Debugging Methods Used and Errors Faced - gautamramk/FQ-PIE-for-Linux-Kernel GitHub Wiki

Debugging Methods Used and Errors Faced

The major error faced in our project was a segmentation fault error. This was caused due to poor initialization of the skb pointer in the dequeue function. The skb pointer had a garbage value and when the 'qdisc_pkt_len' function when invoked on that pointer caused the system to hang.

The initialization segment of the dequeue function is as follows.
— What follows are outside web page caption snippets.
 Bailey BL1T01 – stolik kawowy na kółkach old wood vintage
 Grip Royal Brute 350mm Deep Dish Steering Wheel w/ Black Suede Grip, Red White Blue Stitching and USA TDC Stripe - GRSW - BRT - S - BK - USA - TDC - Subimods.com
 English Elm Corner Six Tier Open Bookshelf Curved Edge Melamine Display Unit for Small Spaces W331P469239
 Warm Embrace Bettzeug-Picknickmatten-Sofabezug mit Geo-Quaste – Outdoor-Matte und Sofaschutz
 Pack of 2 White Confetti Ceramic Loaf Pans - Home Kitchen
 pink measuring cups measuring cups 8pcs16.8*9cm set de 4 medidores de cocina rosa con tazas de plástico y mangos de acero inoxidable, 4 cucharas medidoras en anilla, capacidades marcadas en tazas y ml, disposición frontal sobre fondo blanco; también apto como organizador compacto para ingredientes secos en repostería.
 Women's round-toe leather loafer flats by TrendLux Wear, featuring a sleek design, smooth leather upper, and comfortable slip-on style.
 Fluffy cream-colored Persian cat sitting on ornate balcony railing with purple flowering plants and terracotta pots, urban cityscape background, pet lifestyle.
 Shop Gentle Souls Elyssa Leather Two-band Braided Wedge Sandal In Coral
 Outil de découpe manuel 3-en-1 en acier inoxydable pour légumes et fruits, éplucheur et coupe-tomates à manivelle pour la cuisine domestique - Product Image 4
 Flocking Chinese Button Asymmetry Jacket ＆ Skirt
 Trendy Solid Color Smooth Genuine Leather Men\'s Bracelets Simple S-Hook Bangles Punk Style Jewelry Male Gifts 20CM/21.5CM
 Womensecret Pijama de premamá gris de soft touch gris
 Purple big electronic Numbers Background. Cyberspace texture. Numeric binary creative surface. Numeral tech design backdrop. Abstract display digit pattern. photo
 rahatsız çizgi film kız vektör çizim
struct fq_pie_sched_data *q = qdisc_priv(sch);
struct sk_buff *skb = NULL;
struct fq_pie_flow *flow;
struct list_head *head;
u32 uninitialized_var(pkt_len);

It was initially

struct fq_pie_sched_data *q = qdisc_priv(sch);
struct sk_buff *skb;
struct fq_pie_flow *flow;
struct list_head *head;
u32 uninitialized_var(pkt_len);

Testing Tried

Standard printk statements

We added printk statements between critical lines in the code. Using this, we were able to figure out that the error was in the dequeue function.

kgdb and kdb

This method failed to work. We tried to debug the kernel through kgdb, but kgdb requires the use of a serial port to connect the target and host machines. Setting up kgdboe (kgdb over ethernet) would have been an extremely time consuming process.

Lockdep

We initially thought that the error was caused due to a deadlock arising from locking the qdisc in the timer function. We tried to enable lockdep in the kernel and recompiled it. This failed as the system threw 'kernel panic error' while booting with lockdep enabled. We could not go ahead with this.

Changing the location of return statement in the dequeue function.

We constantly moved the return statment in the dequeue function. We intially put return NULL at the top of dequeue, and kept bringing it down till we could find a system hang. From this, we could properly isolate the area of the error.